Sabtu, 21 Mei 2011

Mafia Pengadilan Hanya Bisa diberantas Jika Putusan Hakim Dapat Diadili Oleh KY

Oleh : Ridwan Yuda

Hakim itu adalah manusia biasa yang sangat bisa melakukan kejahatan, keteledoran, keberpihakan dalam putusannya bahkan bisa terlibat dalam MAFIA PERADILAN dimana si Hakim sedang menjalankan tugasnya. Hakim bukanlah malaikat yang tidak pernah berbuat salah walaupun dia mengetahui hukum. Putusan Hakim berpeluang sangat besar untuk salah dan tidak adil serta gegabah apalagi si Hakim terlibat Mafia Peradilan. Banyak bukti yang otentik bahwa putusan Hakim adalah didasari atas ketidak adilan yang dilakukannya.  

Untuk mengembalikan kewibawaan Hakim diseluruh Indonesia, diperlukan Komisi Yudisial yang dapat menghukum Hakim atas putusannya. Hakim yang benar adil dan jujur untuk menegakkan kewibawaan hukum akan tidak takut terhadap putusannya.
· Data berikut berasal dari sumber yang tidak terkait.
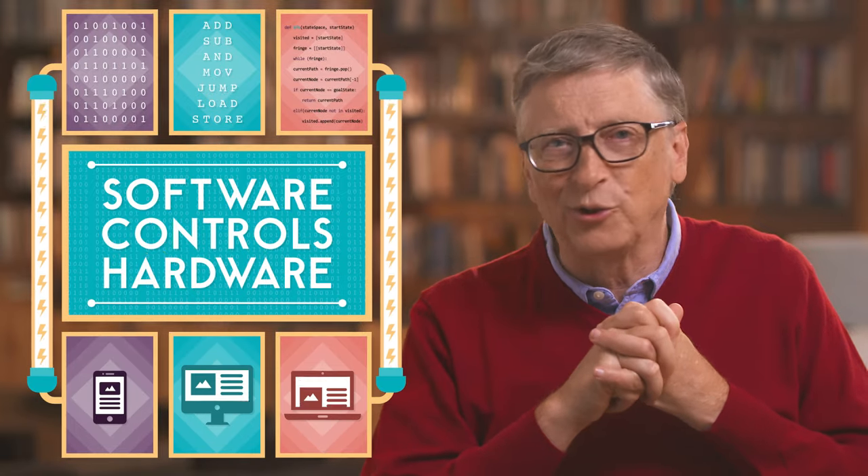Finally, you'll take a look at what code actually is, and how software controls hardware.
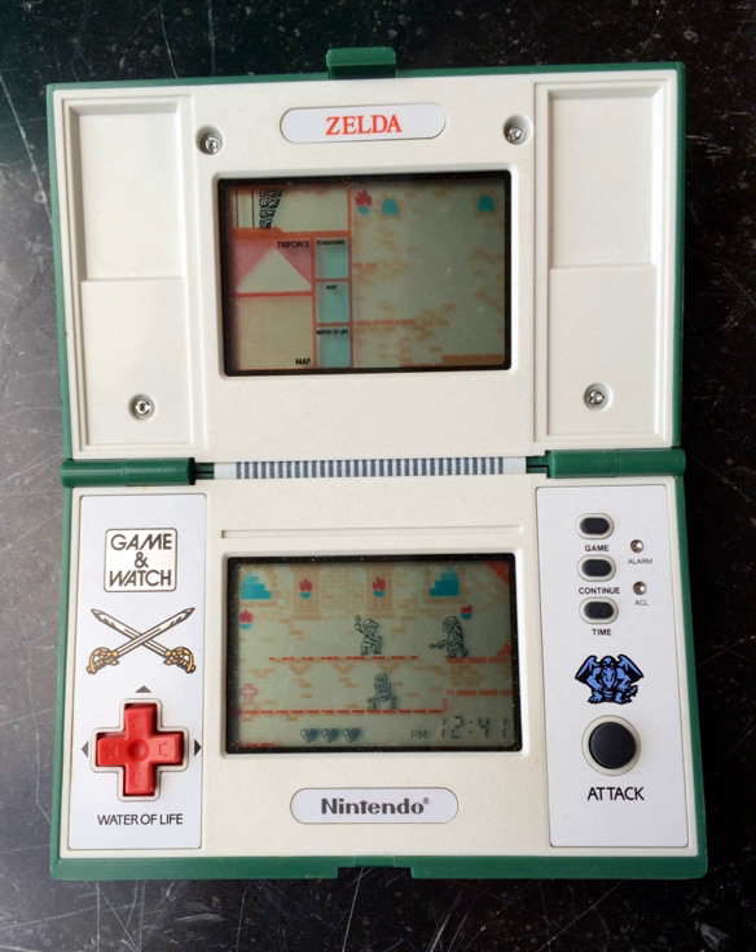LCD games are electronic games played on an LCD screen. Since the release of the Zelda Game & Watch game in August 1989, several LCD games based upon the theme of The Legend of Zelda have been licensed by Nintendo to be released for both Japanese and foreign markets.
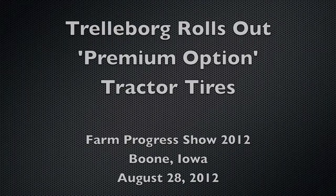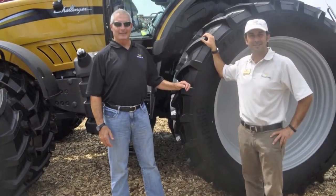Hello everybody, I'm Andrea Macella from Trelleborg. We are at the Farm Progress Show and I'm happy to inform you that from this year, all Trelleborg tires have been selected as the premium option on all the tractors coming out of the Jackson Plant for Challenger and Massey Ferguson.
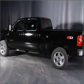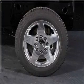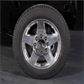Stand out from the crowd with premium wheels. Treat yourself to a premium sound system. The anti-lock braking system will help deliver you safely to your destination.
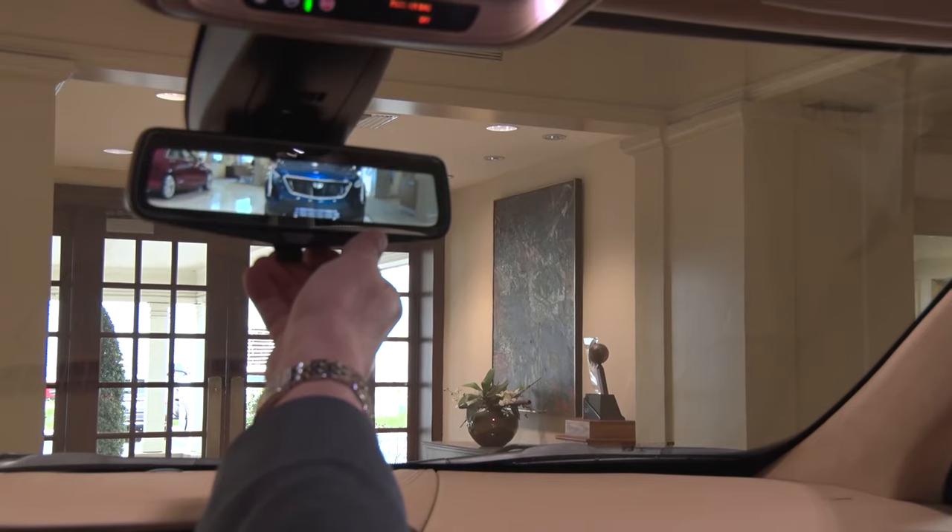With the Platinum package, the rear-view mirror is replaced with a rear-view camera mirror which streams HD video and gives you a much better field of vision than a traditional rear-view mirror.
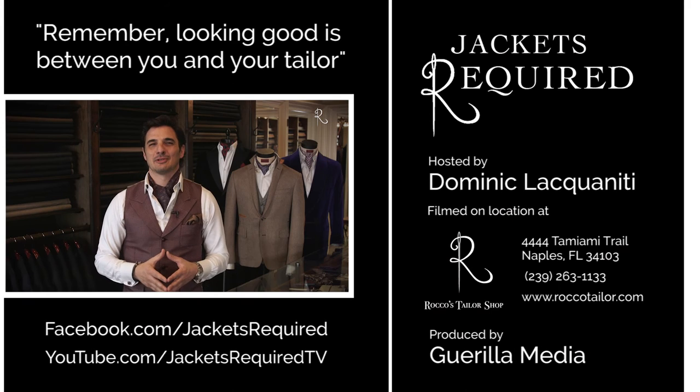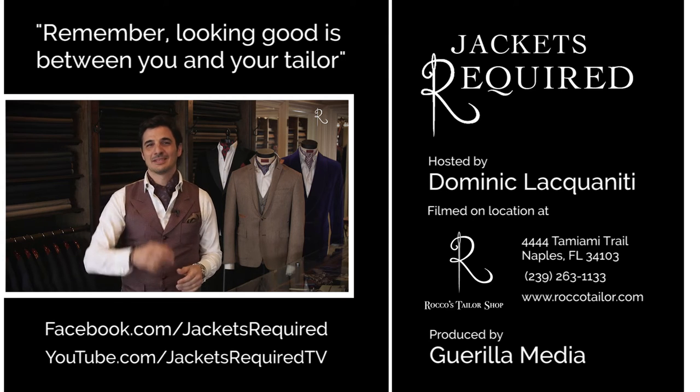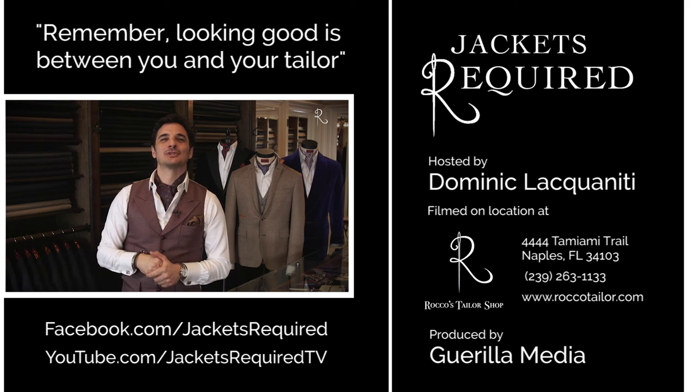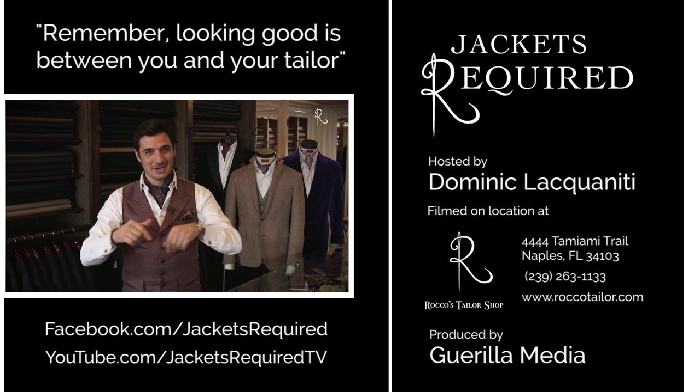Be sure to subscribe to Jackets Required's YouTube channel and Facebook page to be notified when new episodes are available, and to see behind the scenes pictures and clips. Share with your stylish and style-challenged friends — you know who you are. And be sure to let me know if you have any specific questions or topics you'd like to see here in the series.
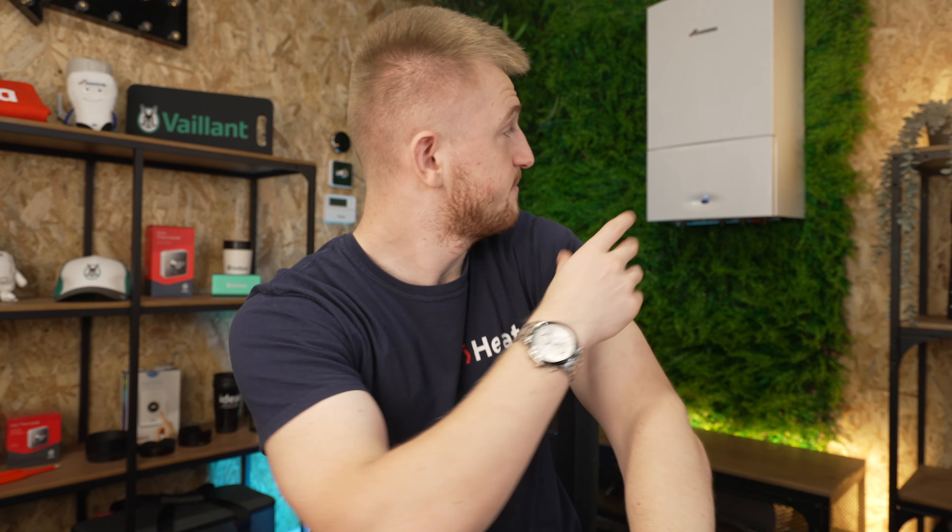The only downside I can say about the controls and functionality is the error display — how you know what the error codes are. With the CDI Compact, it is a flashing blue semi-circle on the front which tells you what's wrong with the boiler. Granted, with this boiler you aren't going to get many problems, and the service team at Worcester are brilliant, but if you do get an error you'll just be sitting there watching the boiler flash — and that's not always ideal.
Hanya para Hakim yang tidak jujurlah (mungkin terlibat Mafia Hukum) yang takut atas putusannya dalam pengadilan yang dipimpinnya.  

Sejarah terbentuknya Komisi Pemberantasan Korupsi (KPK) didasari atas UU No.30 Tahun 2002 karena : “Lembaga Pemerintah yang menangani perkara tindak pidana korupsi belum berfungsi secara efektif dan efisien dalam memberantas tindak pidana korupsi”. Maka pada Bab II Pasal 6 UU No.30 Tahun 2002 KPK diberi tugas untuk melakukan penyelidikan, penyidikan, dan penuntutan terhadap tindak pidana korupsi.


Himbauan MA kepada KY : Jika putusan Hakim dapat diadili, MA khawatir hakim akan takut dan ragu dalam memutus satu perkara. Ini dikatakan Ketua Mahkamah Agung (MA) Harifin A Tumpa yang berharap tujuh anggota Komisi Yudisial (KY) yang baru tidak mengadili putusan hakim dan menghormati independensi hakim dalam menangani satu perkara. Kewenangan KY untuk dapat mengadili putusan Hakim karena MA sudah lama impoten dan bahkan dicurigai para anggotanya juga terlibat MAFIA PERADILAN di Indonesia selama ini.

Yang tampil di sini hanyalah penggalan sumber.